### DATA SHOWN
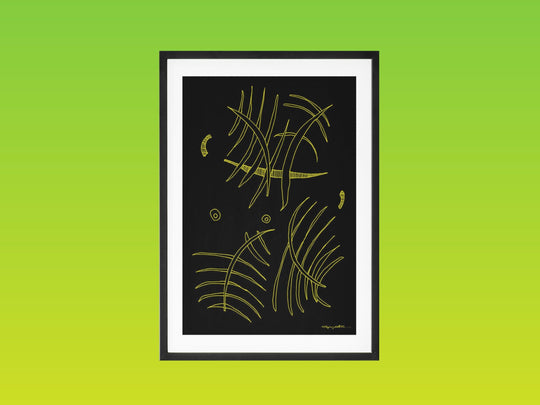 Miami Abstract - Miami Abstract Inc.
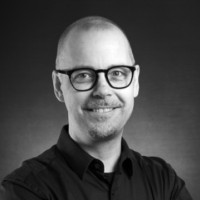 Fredrik Mauritzson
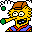Avatar de Usuario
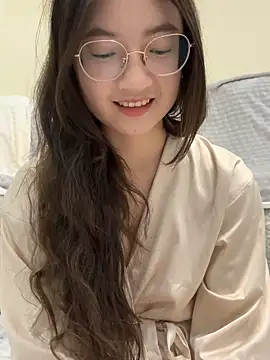 laowumeimei online show from October 10, 2025, 2:05 pm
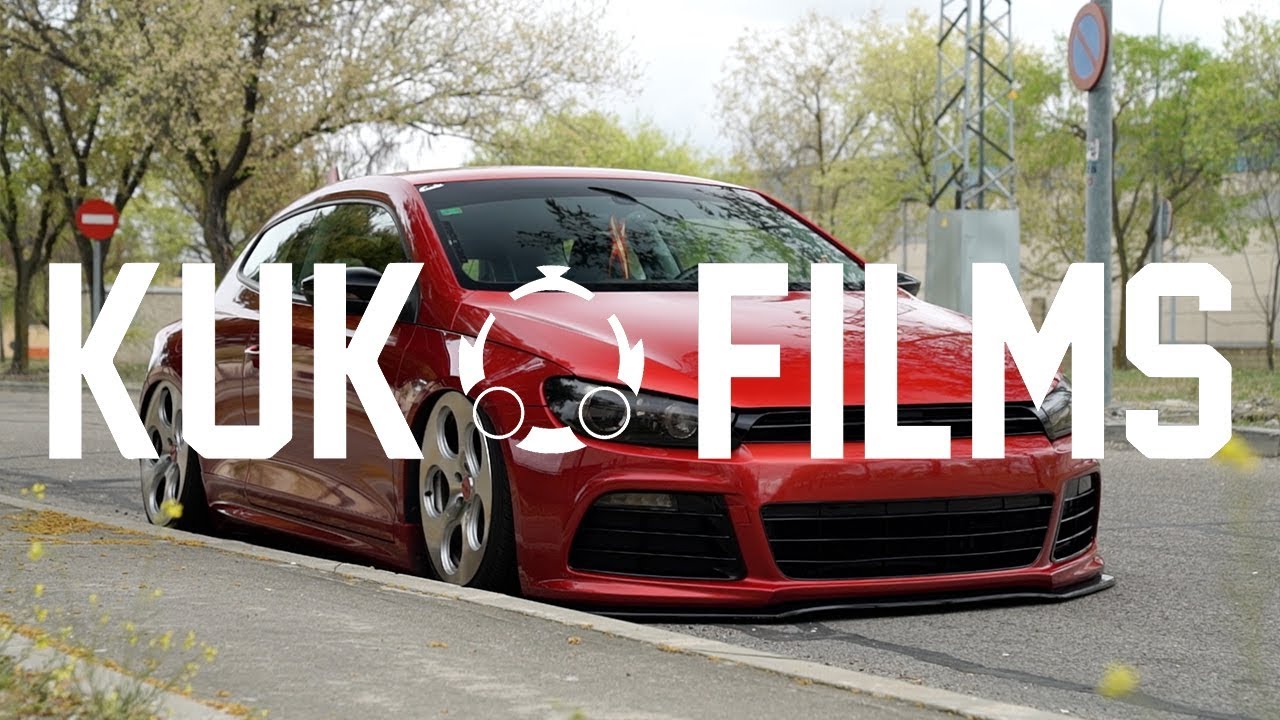 KUK FILMS - LOW MODE SOCIETY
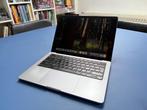 MacBook Pro 14" M1 16GB 1TB, Computers en Software, Apple Macbooks, Ophalen, 1 TB of meer, Gebruikt, 2 tot 3 Ghz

### REQUIRED ACTION
Write out exactly the lines from the line holding "Fredrik Mauritzson" through the last line of the records above, inclusive, and nothing more. Leave out the pictures.

### ANSWER AREA
 Fredrik Mauritzson
Avatar de Usuario
 laowumeimei online show from October 10, 2025, 2:05 pm
 KUK FILMS - LOW MODE SOCIETY
 MacBook Pro 14" M1 16GB 1TB, Computers en Software, Apple Macbooks, Ophalen, 1 TB of meer, Gebruikt, 2 tot 3 Ghz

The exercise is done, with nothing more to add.